▶

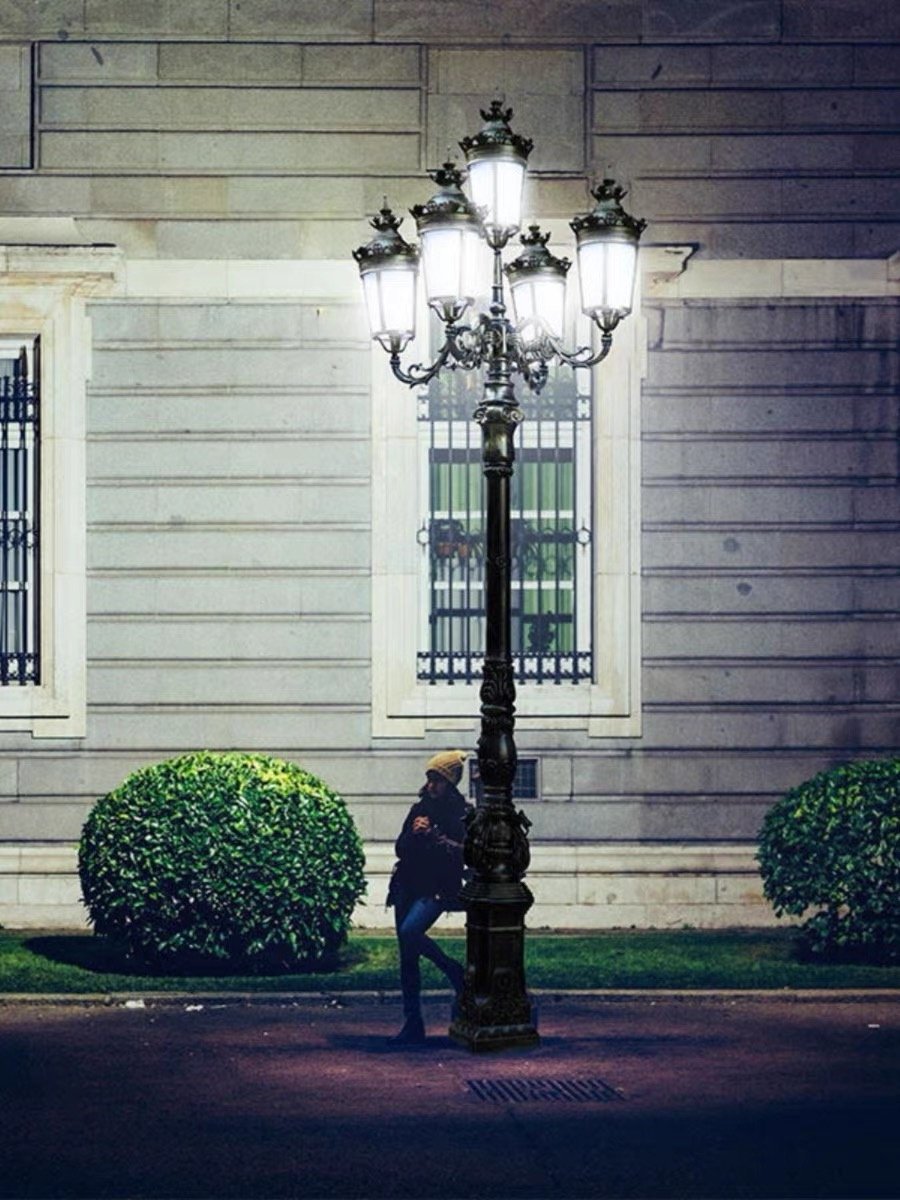 Customized 3M/3.5M Outdoor Garden Lamp Cast Aluminum+Cast Iron Artistic LED Villa Landscape Solar/Ac 220V Power Supply Glass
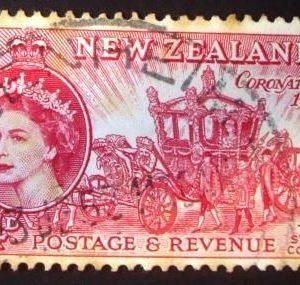Selo postal definitivo da Nova Zelandia de 1953 - Coronation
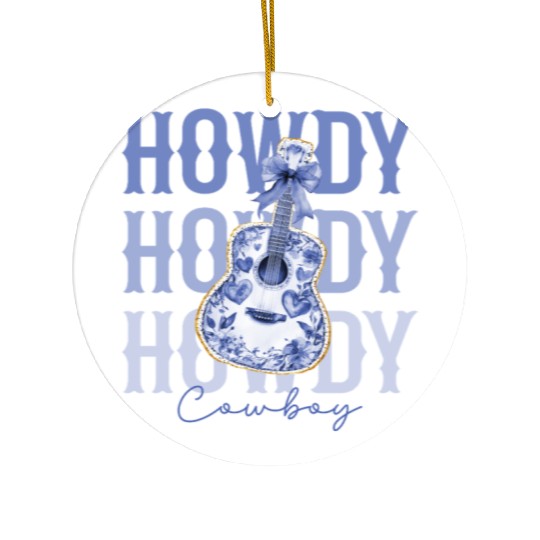 Howdy Cowboy Guitar Ceramic Ornaments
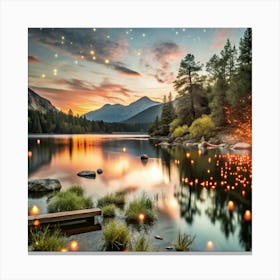 Lake With Lights At Sunset Canvas Print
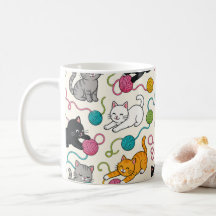 Cartoon Cats with Yarn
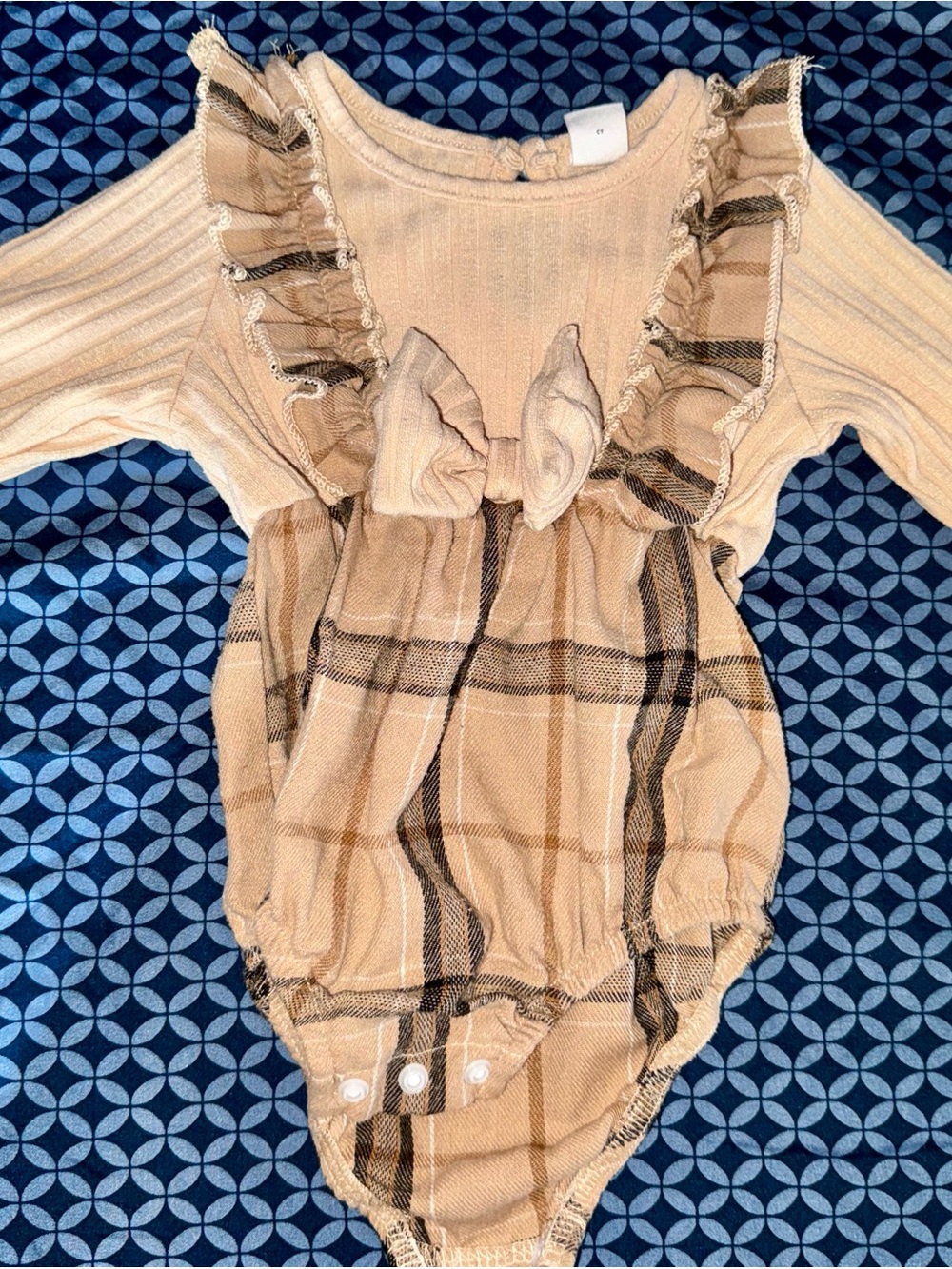 SHEIN Beige Plaid Ruffle One-Piece with Bow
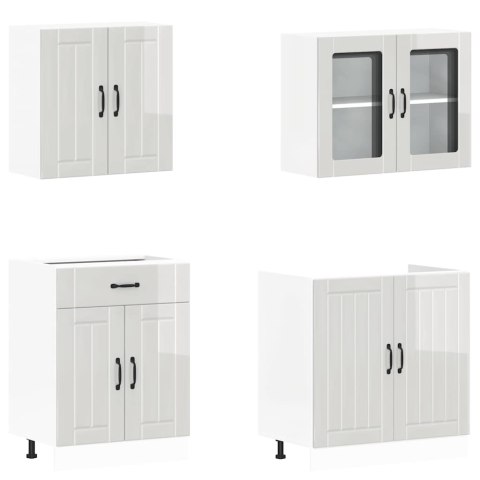 Zestaw szafek kuchennych 4 -częściowy, Lucca, biały o wysokim połysku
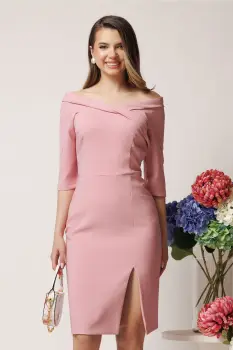 Rochie office din stofa roz conica cu decolteu barcuta imagine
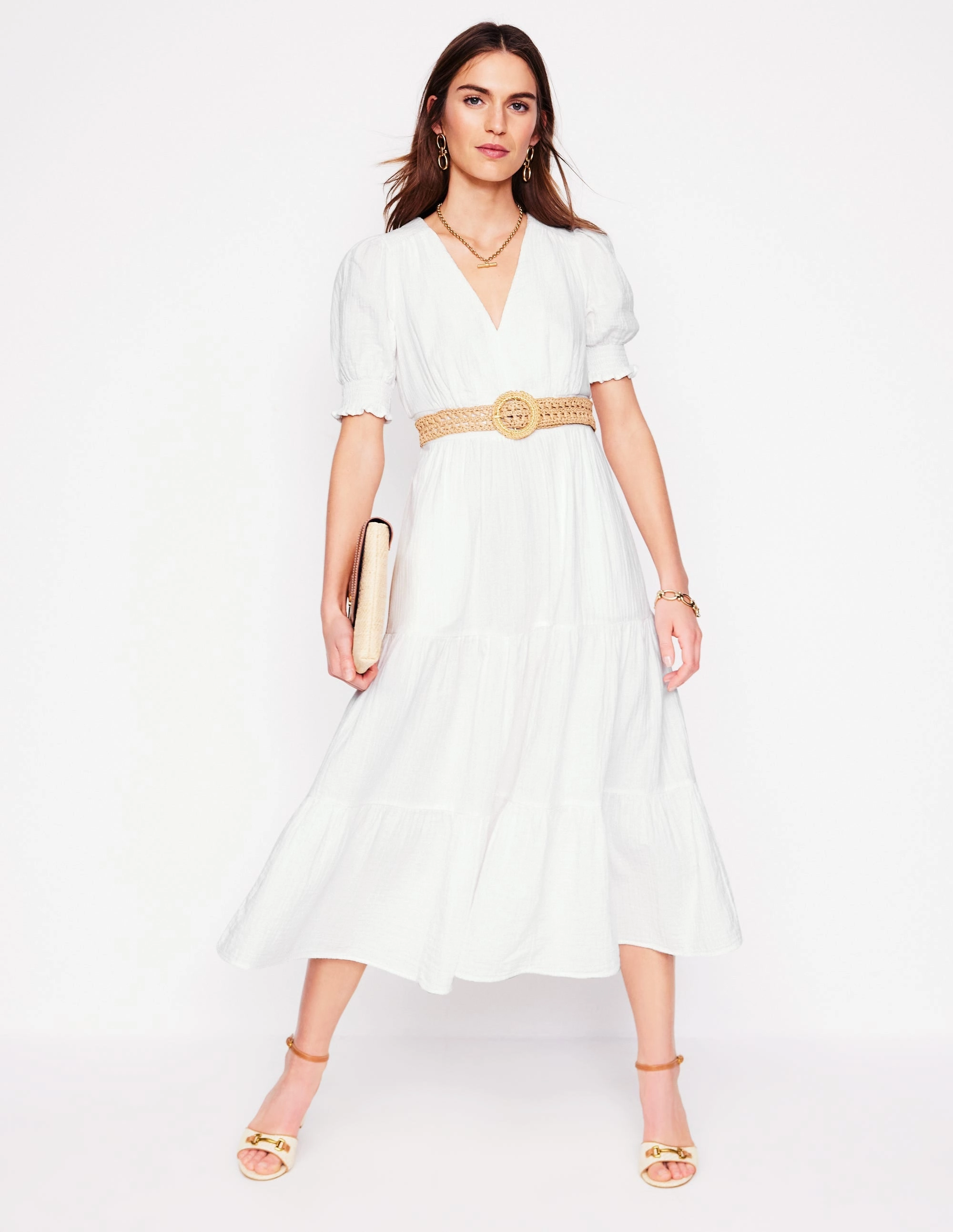 Fresh Motion Anna Double Cloth Midi Dress-White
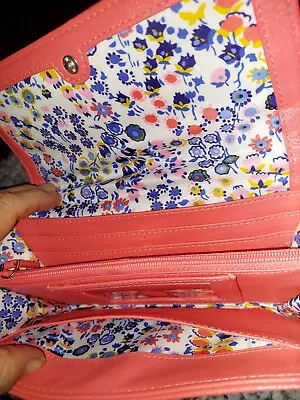 Vera Bradley Pink Floral Wallet.   Faux Leather & Nylon 7.75  X 4.5  X 1.25  • $10
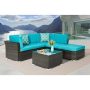 Sonkuki 4-Pieces Rattan Wicker Outdoor Sofa Set Patio Conversation Furniture with Lake Blue Cushions and Coffee Table - Image 1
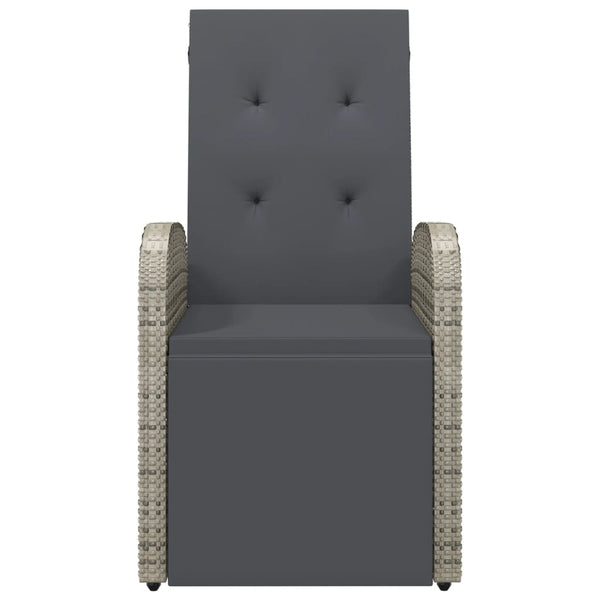 vidaXL Bains de soleil de jardin avec coussins 2 pcs Gris Résine tressée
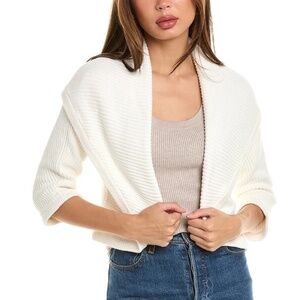 Cabi Half Circle Sweater Rib Knit 100% Cotton Open Cardigan White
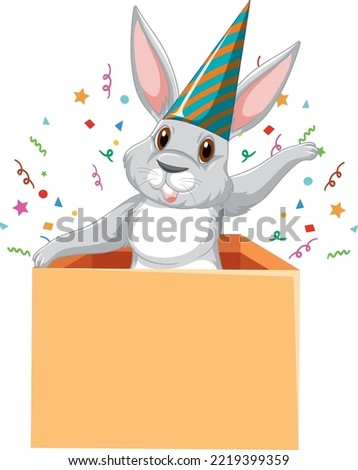 Cute grey rabbit cartoon character illustration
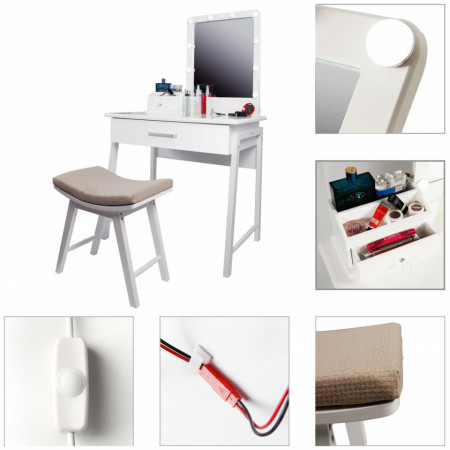 SEA287 - Set Masa toaleta, 80 cm, cosmetica machiaj, oglinda cu LED, masuta vanity, scaun tapitat, comoda make-up - Alb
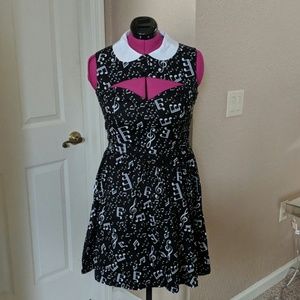 Hell Bunny Music Note Retro Dress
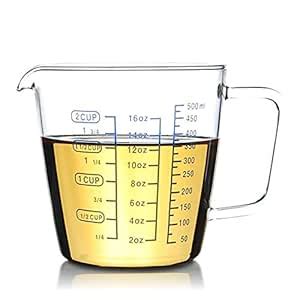 Buy Rocaware 2 Cup Borosilicate Glass Measuring With 50ML Intervals ...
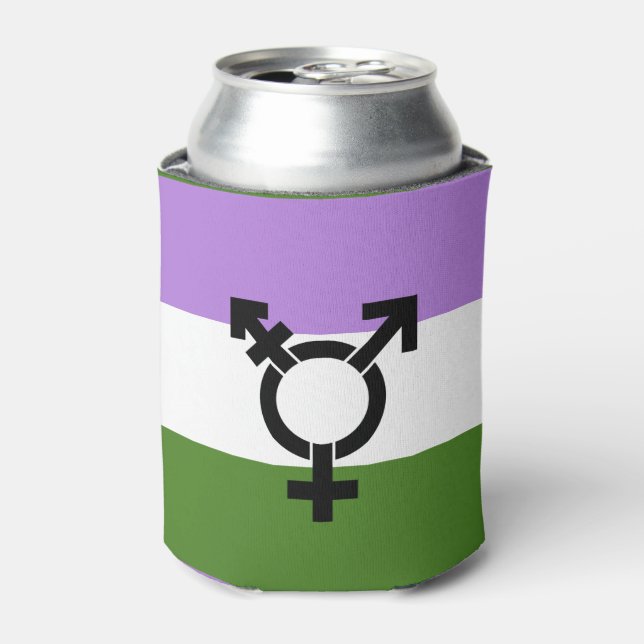 Porta-lata Bandeira do Orgulho Genderqueer (Can Front)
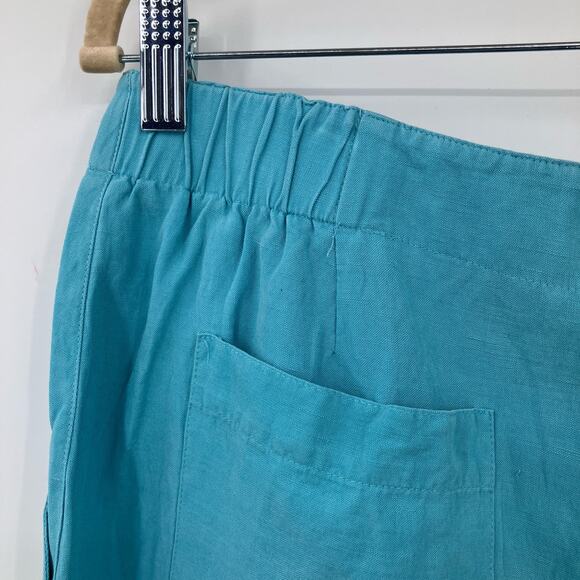 Vintage Easy Spirit Blue Silk Linen Blend Zip Lightweight Pockets Pencil Skirt - Picture 8 of 9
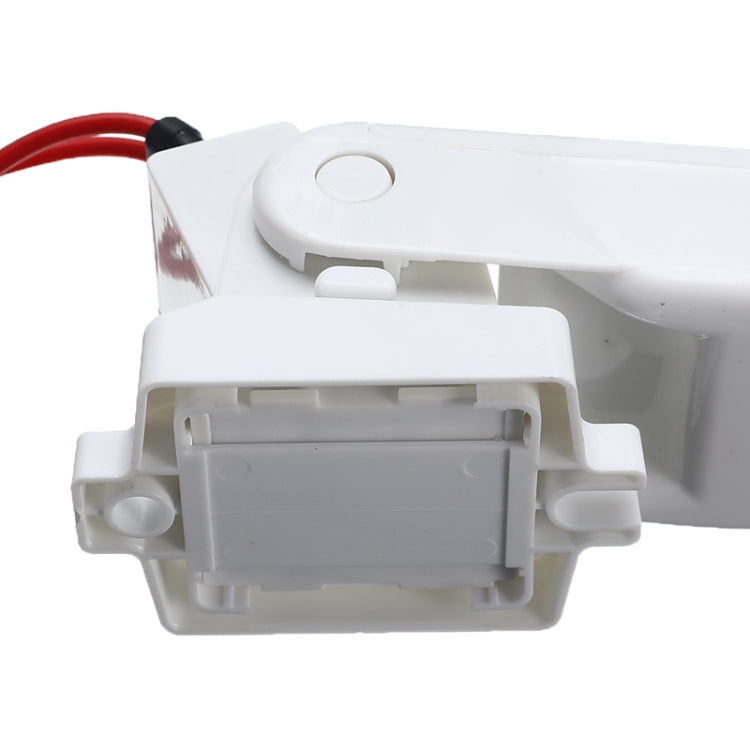 Open housing of white float switch controller with internal contact module and red lead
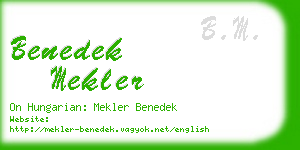 benedek mekler business card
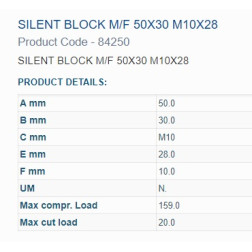 84250 BUKSE AMORTIZĀC. 50X30 M10 VĪTNE 1IN 1OUT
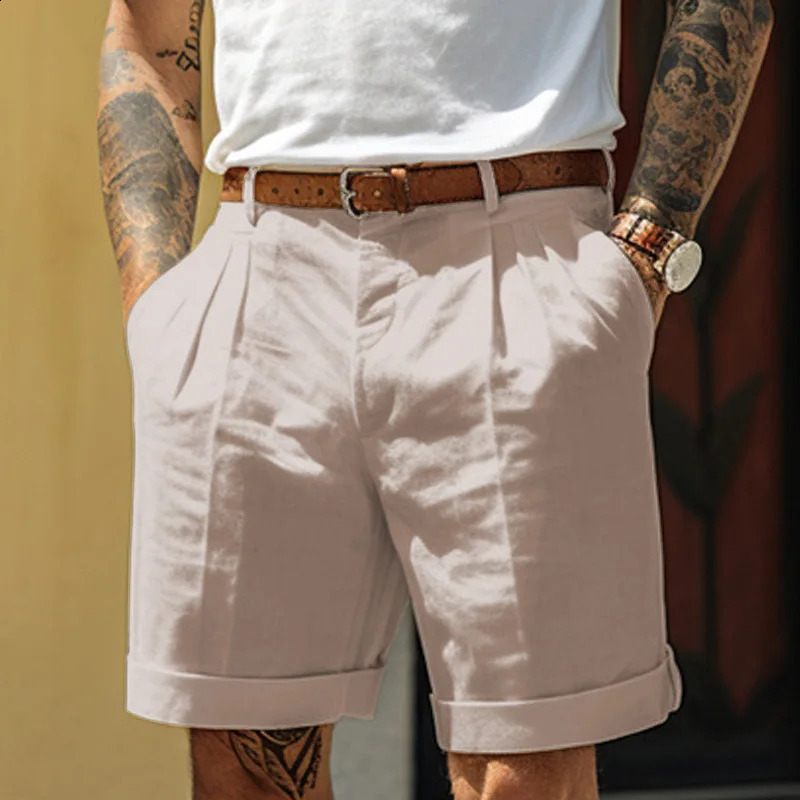 Summer Thin Cotton Linen Shorts for Men Japan Vintage Amekaji Casual Loose Half Pants 24ss Solid Slim Fit Casual Beach Wear 250317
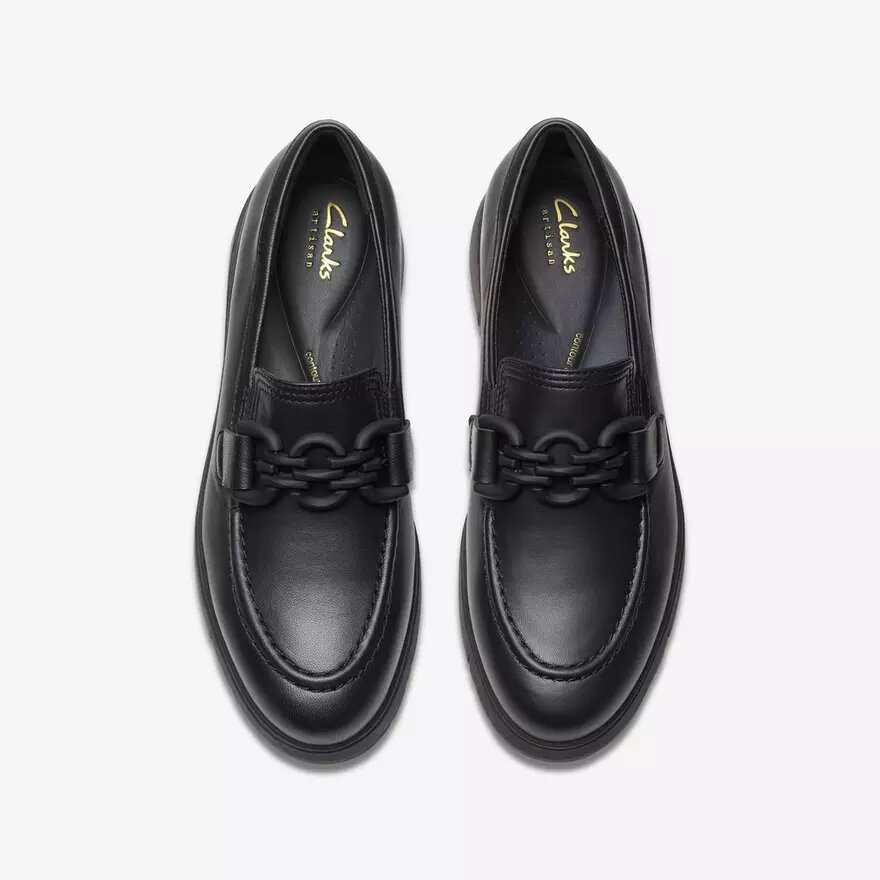 Loriini Izzy Damen-Loafer aus schwarzem Leder Loriini Izzy Damen-Loafer aus schwarzem Leder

◀

(Task details)
Give back exactly, and solely, the section of the data above bounded by the line containing "Cabi Half Circle" and the line containing "Hell Bunny Music Note Retro Dress", both bounding lines included and pictures omitted.

(Finished exercise)
 Cabi Half Circle Sweater Rib Knit 100% Cotton Open Cardigan White
 Cute grey rabbit cartoon character illustration
 SEA287 - Set Masa toaleta, 80 cm, cosmetica machiaj, oglinda cu LED, masuta vanity, scaun tapitat, comoda make-up - Alb
 Hell Bunny Music Note Retro Dress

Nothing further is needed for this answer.